How do I set up a real to real transform with CUFFT?

EDIT: To clarify, I’ve previously worked with FFTPACK. With that library, I can perform a real to real forward or backward transform on an array of 64 reals and get an array of 64 reals back. I’d like to be able to the same thing with CUFFT.

EDIT2: Furthermore, I’d like to know how to do this for 2D FFTs.

The CUDA FFT works the same as the FFTW library, so one way to do a Real to Real is to do a Real-to-Complex transform, which yields a 2D complex array (1/2 the size of the real time data) – where the 1st dimension holds the cos() values and the 2nd dimension holds the sin() values.

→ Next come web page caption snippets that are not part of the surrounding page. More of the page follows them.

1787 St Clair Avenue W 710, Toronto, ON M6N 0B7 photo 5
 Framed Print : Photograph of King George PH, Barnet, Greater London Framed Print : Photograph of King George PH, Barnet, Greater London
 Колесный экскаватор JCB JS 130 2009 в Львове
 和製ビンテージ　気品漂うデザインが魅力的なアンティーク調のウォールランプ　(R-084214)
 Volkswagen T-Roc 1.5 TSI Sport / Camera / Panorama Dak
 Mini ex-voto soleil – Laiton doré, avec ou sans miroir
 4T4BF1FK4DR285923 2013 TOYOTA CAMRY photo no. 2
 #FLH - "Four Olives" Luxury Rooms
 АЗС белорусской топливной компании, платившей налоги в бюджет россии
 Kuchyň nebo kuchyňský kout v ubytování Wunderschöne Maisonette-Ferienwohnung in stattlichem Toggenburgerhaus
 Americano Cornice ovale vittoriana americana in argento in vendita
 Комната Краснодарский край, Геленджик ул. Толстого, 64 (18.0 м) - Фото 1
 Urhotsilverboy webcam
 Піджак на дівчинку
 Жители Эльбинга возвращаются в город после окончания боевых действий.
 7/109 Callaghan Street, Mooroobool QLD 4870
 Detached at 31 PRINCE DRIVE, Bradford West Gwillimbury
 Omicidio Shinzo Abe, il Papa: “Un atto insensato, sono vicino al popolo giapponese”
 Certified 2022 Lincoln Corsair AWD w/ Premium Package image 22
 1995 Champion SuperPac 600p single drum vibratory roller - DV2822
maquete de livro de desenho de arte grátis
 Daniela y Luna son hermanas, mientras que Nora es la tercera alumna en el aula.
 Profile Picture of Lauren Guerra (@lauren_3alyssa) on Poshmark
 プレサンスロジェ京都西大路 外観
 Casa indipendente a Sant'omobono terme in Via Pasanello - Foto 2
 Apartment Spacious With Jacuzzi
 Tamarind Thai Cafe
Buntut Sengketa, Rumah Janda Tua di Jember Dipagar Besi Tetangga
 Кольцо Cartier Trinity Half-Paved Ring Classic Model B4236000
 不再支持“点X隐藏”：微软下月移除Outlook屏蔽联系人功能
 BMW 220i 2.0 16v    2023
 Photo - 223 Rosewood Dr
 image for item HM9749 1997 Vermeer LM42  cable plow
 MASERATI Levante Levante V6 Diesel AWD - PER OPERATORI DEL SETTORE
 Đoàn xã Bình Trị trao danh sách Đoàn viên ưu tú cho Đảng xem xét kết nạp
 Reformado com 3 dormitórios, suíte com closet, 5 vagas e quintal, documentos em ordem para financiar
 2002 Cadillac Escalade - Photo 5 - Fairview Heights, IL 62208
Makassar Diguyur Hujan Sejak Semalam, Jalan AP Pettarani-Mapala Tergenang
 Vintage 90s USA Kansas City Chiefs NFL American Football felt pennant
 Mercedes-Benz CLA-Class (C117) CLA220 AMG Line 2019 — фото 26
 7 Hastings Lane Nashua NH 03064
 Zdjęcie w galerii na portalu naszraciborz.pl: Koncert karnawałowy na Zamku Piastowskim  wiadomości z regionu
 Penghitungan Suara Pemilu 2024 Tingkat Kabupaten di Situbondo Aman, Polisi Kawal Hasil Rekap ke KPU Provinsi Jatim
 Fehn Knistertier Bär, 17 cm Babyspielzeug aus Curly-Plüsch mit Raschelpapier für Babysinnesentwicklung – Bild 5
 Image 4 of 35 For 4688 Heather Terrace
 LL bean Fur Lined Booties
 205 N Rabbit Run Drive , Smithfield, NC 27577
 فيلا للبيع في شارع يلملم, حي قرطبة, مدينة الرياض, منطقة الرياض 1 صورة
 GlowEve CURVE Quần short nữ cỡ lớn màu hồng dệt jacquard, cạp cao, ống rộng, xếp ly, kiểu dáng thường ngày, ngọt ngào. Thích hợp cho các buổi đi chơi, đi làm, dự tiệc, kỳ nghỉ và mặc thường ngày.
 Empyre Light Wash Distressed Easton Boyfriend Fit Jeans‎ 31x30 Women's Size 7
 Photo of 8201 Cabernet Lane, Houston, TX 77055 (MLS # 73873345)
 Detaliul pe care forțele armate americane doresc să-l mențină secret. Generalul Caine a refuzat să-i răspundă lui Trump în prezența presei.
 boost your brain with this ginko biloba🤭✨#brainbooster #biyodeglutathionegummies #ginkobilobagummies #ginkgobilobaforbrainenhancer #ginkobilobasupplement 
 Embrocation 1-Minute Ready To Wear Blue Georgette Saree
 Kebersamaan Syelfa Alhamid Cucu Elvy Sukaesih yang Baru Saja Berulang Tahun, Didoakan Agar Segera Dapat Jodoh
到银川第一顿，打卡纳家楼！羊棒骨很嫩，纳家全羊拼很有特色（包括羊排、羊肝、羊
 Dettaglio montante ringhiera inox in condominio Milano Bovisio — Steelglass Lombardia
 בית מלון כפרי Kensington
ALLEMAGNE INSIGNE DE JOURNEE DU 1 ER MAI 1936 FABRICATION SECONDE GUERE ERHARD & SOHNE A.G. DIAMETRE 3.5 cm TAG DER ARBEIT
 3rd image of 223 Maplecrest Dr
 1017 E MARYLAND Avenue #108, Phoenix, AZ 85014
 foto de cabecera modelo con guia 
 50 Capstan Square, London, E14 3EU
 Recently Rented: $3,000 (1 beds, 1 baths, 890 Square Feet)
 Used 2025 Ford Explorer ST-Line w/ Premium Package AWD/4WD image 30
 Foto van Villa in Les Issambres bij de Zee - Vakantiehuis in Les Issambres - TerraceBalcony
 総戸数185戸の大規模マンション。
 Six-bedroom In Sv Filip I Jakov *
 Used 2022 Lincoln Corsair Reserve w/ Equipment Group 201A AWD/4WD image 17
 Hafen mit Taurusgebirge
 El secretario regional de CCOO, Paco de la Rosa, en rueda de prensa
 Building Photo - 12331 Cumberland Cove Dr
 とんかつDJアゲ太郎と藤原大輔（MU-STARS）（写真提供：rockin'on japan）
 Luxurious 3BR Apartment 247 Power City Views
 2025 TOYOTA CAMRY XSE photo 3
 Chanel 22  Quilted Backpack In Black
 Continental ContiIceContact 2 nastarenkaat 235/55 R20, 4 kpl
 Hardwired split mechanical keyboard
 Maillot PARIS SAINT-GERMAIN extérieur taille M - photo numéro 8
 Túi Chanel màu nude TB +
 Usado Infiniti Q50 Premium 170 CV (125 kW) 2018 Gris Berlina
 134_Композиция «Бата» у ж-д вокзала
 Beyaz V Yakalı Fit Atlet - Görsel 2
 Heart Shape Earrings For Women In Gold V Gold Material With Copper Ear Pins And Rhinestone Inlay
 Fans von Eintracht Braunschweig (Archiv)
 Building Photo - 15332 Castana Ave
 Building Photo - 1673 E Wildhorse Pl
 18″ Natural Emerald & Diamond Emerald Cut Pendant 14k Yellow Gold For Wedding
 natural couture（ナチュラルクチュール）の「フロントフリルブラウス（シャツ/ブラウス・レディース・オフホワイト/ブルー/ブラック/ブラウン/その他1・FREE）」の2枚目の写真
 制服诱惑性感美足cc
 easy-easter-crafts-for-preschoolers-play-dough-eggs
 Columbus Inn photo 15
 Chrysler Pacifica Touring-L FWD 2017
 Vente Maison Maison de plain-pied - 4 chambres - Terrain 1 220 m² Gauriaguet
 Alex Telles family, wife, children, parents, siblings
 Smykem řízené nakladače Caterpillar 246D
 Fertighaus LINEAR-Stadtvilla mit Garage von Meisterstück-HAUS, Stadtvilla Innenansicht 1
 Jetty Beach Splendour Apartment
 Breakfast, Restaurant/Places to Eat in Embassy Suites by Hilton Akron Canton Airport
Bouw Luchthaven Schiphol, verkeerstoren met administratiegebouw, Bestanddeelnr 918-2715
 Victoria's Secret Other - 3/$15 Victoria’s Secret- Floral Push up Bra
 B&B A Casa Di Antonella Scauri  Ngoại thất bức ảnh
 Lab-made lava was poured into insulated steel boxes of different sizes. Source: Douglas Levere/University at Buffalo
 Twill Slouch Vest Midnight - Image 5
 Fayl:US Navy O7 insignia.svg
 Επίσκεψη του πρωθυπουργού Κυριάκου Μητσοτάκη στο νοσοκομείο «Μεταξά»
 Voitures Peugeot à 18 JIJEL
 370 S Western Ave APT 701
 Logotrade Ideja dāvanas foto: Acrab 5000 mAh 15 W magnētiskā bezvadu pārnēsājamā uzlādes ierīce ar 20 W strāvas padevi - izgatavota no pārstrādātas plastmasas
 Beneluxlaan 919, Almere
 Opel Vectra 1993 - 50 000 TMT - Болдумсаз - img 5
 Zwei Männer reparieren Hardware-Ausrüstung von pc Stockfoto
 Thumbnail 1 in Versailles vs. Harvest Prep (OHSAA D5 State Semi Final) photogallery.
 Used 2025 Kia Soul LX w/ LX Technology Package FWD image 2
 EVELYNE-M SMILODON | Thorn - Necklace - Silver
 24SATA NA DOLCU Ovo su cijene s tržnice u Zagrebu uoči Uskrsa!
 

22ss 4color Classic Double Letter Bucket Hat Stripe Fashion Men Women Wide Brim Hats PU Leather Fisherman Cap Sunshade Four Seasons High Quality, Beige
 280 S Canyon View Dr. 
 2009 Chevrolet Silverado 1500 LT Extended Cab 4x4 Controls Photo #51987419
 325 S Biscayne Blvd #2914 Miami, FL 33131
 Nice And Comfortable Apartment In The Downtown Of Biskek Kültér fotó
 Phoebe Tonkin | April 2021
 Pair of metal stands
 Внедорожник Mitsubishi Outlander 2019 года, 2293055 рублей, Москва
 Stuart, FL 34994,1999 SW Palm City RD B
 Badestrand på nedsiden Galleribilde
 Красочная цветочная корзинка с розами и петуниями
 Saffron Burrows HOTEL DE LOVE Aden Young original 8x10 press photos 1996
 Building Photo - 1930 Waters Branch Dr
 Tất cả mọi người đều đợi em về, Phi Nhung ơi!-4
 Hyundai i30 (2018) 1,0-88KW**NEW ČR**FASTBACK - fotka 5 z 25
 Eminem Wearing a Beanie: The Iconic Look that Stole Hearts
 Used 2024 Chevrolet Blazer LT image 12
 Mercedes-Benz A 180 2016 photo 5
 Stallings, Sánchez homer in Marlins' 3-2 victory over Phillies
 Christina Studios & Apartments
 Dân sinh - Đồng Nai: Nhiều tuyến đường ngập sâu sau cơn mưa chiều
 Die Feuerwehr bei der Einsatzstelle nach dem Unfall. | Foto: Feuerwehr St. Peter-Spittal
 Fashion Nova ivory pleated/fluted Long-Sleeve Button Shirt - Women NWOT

// Load real data on to the device

	float *Td;

	int size = ary_sz * sizeof(float);

   CUDA_SAFE_CALL(cudaMalloc((void**)&Td, size));

// Allocate device memory for signal

    cufftComplex *d_signal;

    int mem_size = sizeof(cufftComplex)* (ary_sz/2);

   CUDA_SAFE_CALL(cudaMalloc((void**)&d_signal, mem_size));

	// CUFFT plan

    cufftHandle planF, planI;

    CUFFT_SAFE_CALL(cufftPlan1d(&planF, ary_sz, CUFFT_R2C, 1));

   // Transform signal

    CUFFT_SAFE_CALL(cufftExecR2C(planF, Td, d_signal));

The complex fft data is accessed by using:

d_signal.x [for cos() values]

d_signal.y [for sin() values]

Thanks for your answer, but I think you’ll find that the second output dimension is actually (N / 2 + 1). Thus, if I use the CUFFT R2C transform, I end up with, for example, 64 x 33 complex numbers. For the solver I’m implementing, I need to be able to recover 64 x 64 real numbers (for N = 64).

With a 1D transform, I can take advantage of the fact that N is even so that the first and last complex numbers in the N / 2 + 1 array are purely real. Thus I can recover 64 real numbers, which match the output from an FFTPACK real to real transform. Right now, I’m not able to do something similar with a 2D transform without doing 2 1D transforms and handling the transposing and extraction of the real numbers myself.